● What to do
Below this task are records; return each one exactly and omit its images.

+++

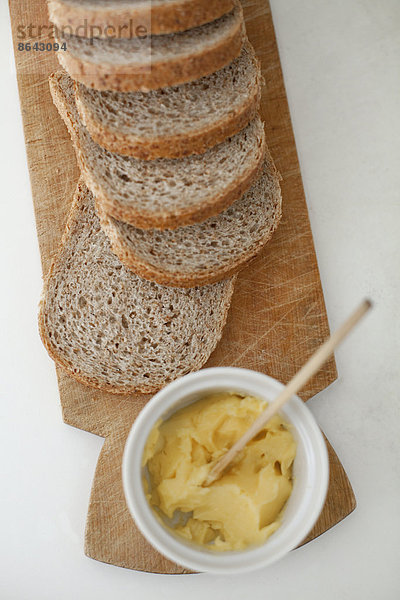 Ein hölzernes Brotbrett  auf dem ein in Scheiben geschnittenes braunes Brot ausgelegt ist. Eine Schale Butter mit einem hölzernen Buttermesser.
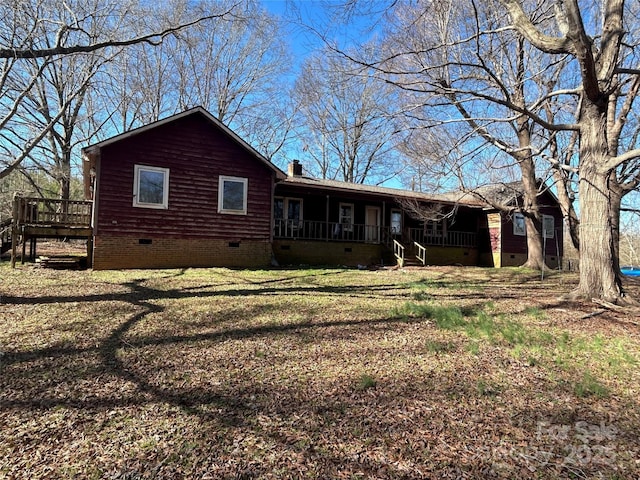 rear view of house featuring a yard, a porch, crawl space, and a chimney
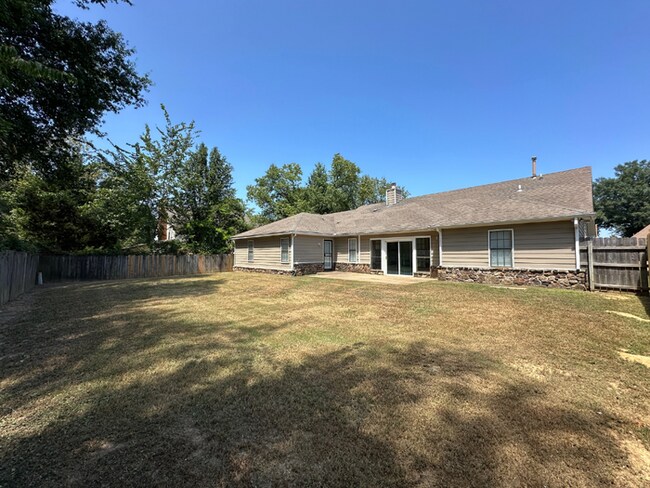 Building Photo - Grand 4BR/2BA Near Southwind | 2,438 Sq Ft, Stone Fireplace, Soaking Tub & 2-Car Garage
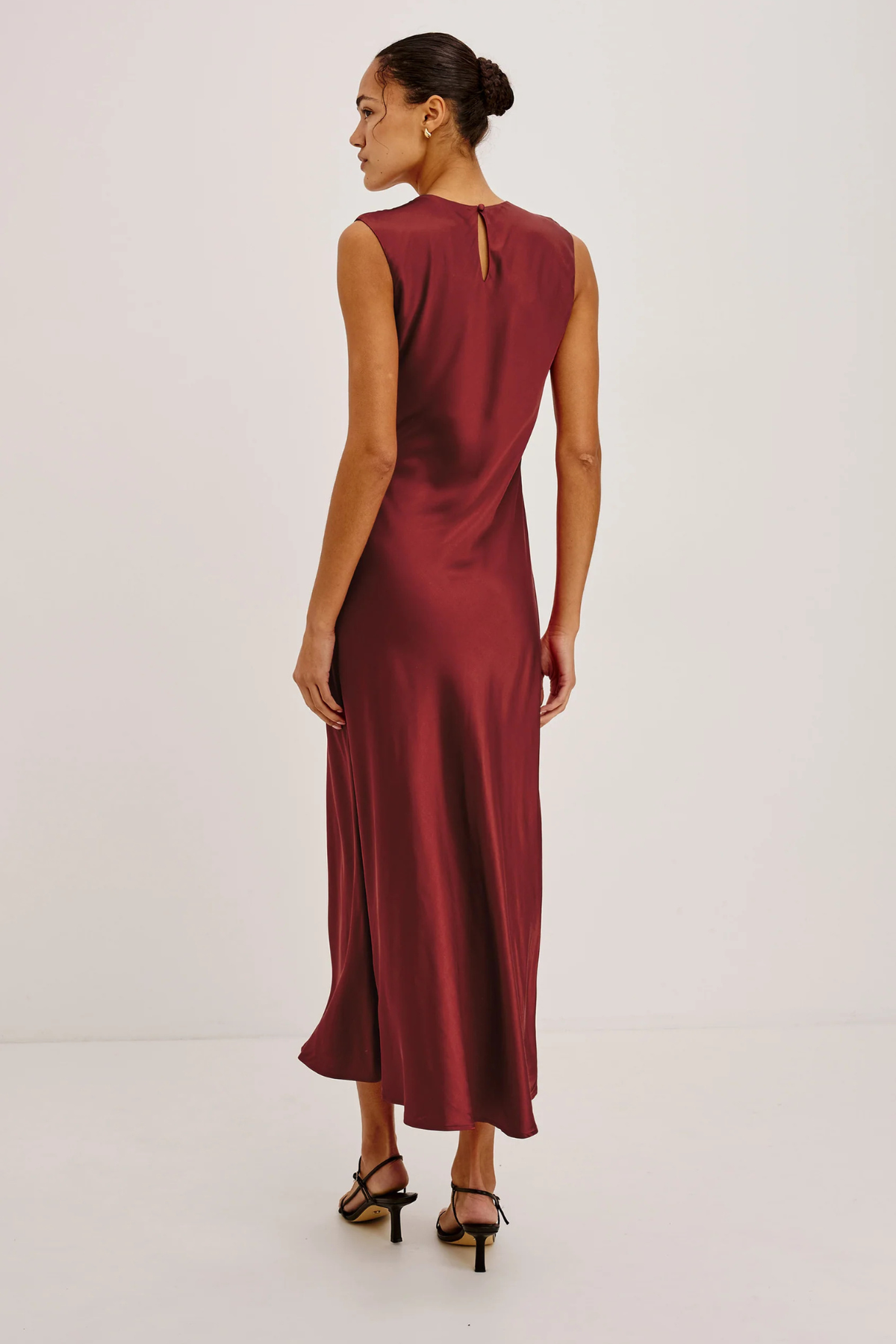A woman modeling a sleeveless, floor-length burgundy satin dress from the back, featuring a small keyhole cutout at the upper back, set against a plain white studio background.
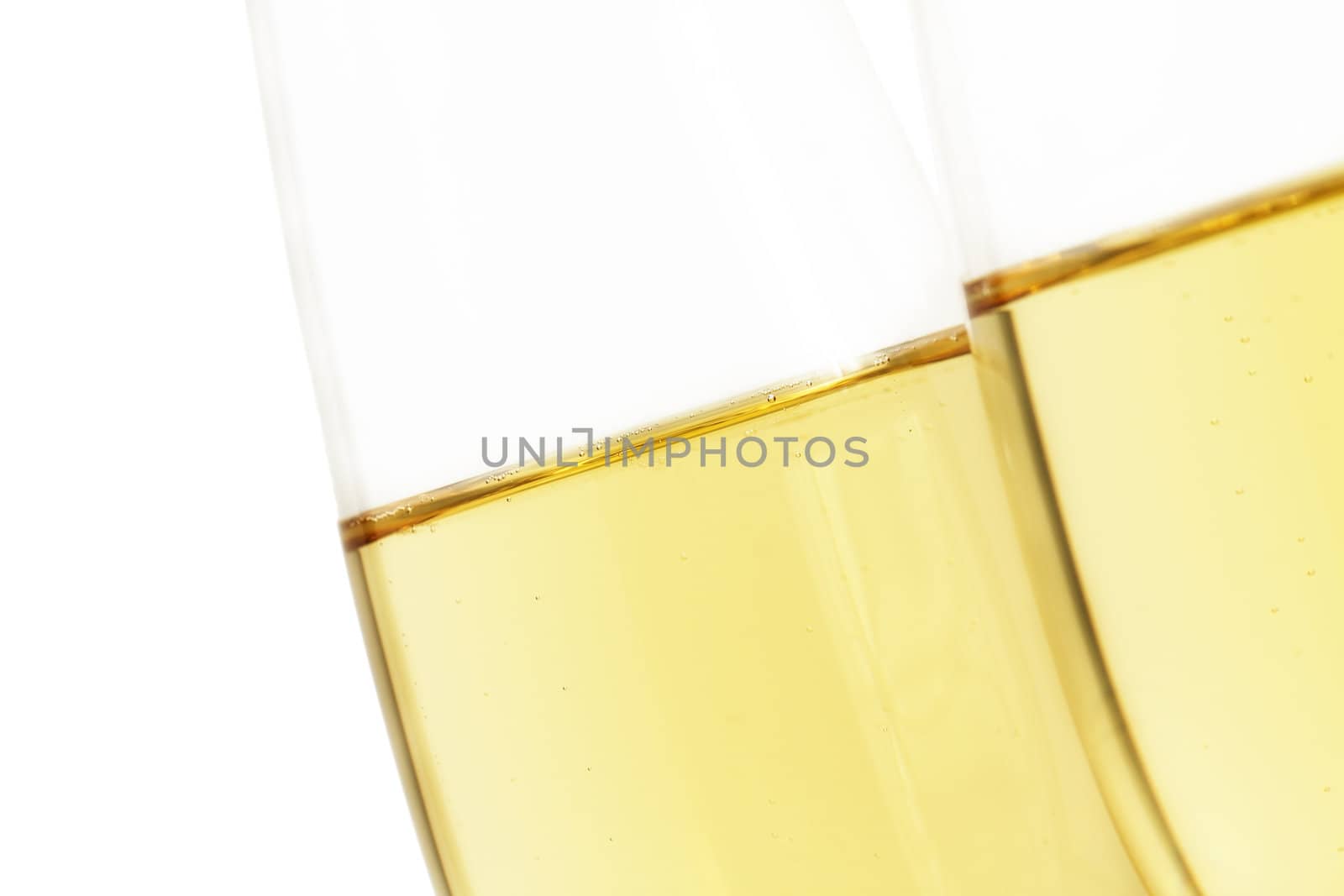 diagonal champagne glass behind other isolated on white background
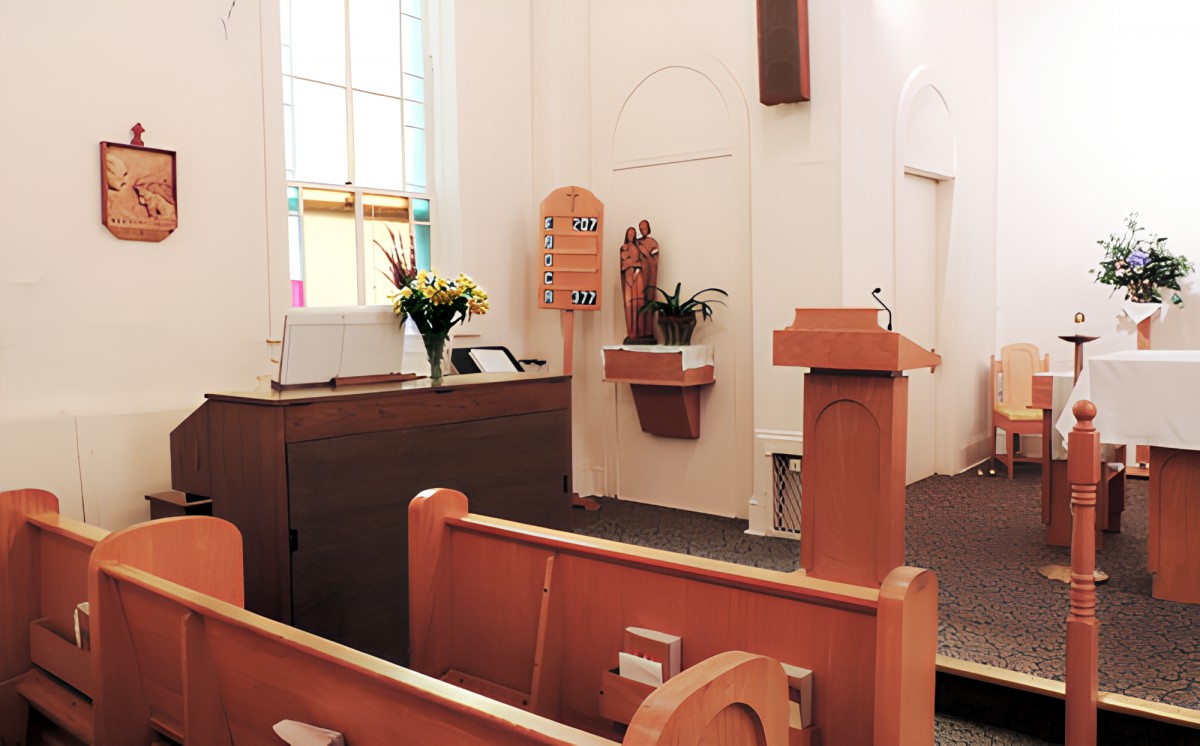Interior of a church with pews, a podium, and an altar.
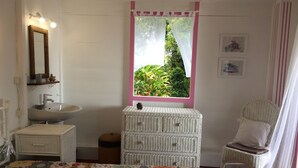 Ein Schlafzimmer mit Bett, Fenster mit Blick auf Grünflächen, Nachttisch, Stuhl und Spiegel.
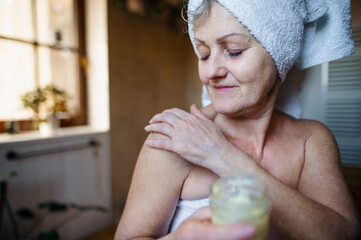 Obraz na płótnie Canvas Happy senior woman wrapped in a towel in bathroom at home, applying homemade body moisturiser.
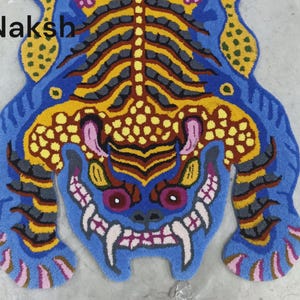 May include: A blue, yellow, and pink rug in the shape of a tiger. The rug has a detailed design with a tiger face and body. The word "Naksh" is in the upper left corner.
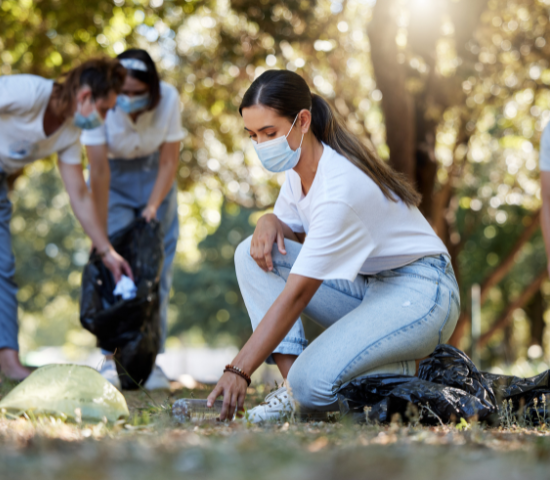Woman wearing mask during an outdoor cleanup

+++

● Result
 Ein hölzernes Brotbrett  auf dem ein in Scheiben geschnittenes braunes Brot ausgelegt ist. Eine Schale Butter mit einem hölzernen Buttermesser.
 rear view of house featuring a yard, a porch, crawl space, and a chimney
 Building Photo - Grand 4BR/2BA Near Southwind | 2,438 Sq Ft, Stone Fireplace, Soaking Tub & 2-Car Garage
A woman modeling a sleeveless, floor-length burgundy satin dress from the back, featuring a small keyhole cutout at the upper back, set against a plain white studio background.
 diagonal champagne glass behind other isolated on white background
Interior of a church with pews, a podium, and an altar.
 Ein Schlafzimmer mit Bett, Fenster mit Blick auf Grünflächen, Nachttisch, Stuhl und Spiegel.
 Obraz na płótnie Canvas Happy senior woman wrapped in a towel in bathroom at home, applying homemade body moisturiser.
 May include: A blue, yellow, and pink rug in the shape of a tiger. The rug has a detailed design with a tiger face and body. The word "Naksh" is in the upper left corner.
Woman wearing mask during an outdoor cleanup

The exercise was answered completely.